= What to produce =
From the line that contains "Best Indian Flight" through the last line of the data, copy everything exactly and nothing else, omitting the pictures.
____ Stored data
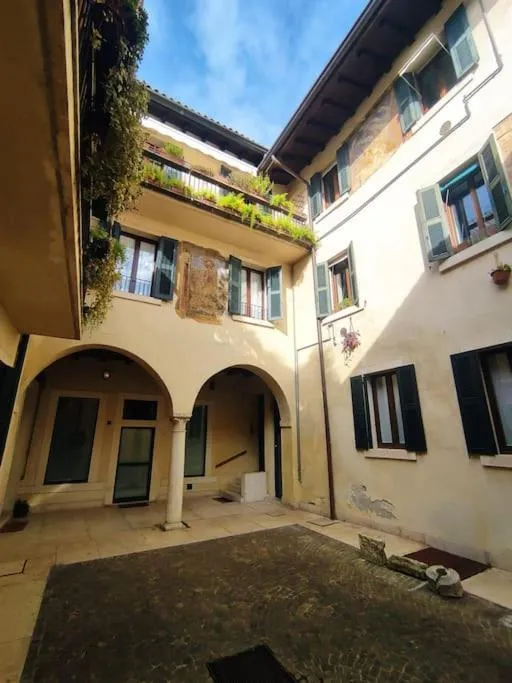 Image 3 of Casa dei Pittori – a pochi passi da Piazza Erbe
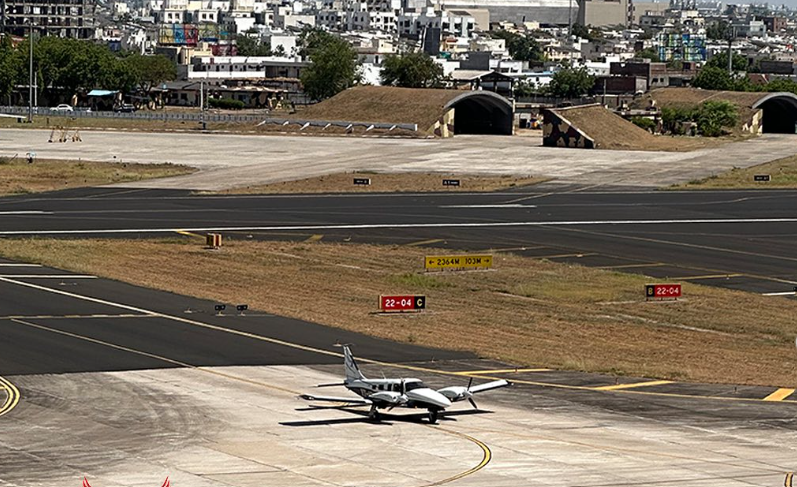 Best Indian Flight School : Airfield Facility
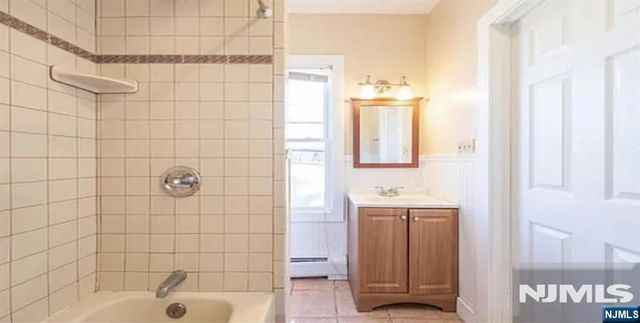 21 Chestnut Street 2, Garfield, NJ 07026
________
= Result for this exercise =
 Best Indian Flight School : Airfield Facility
 21 Chestnut Street 2, Garfield, NJ 07026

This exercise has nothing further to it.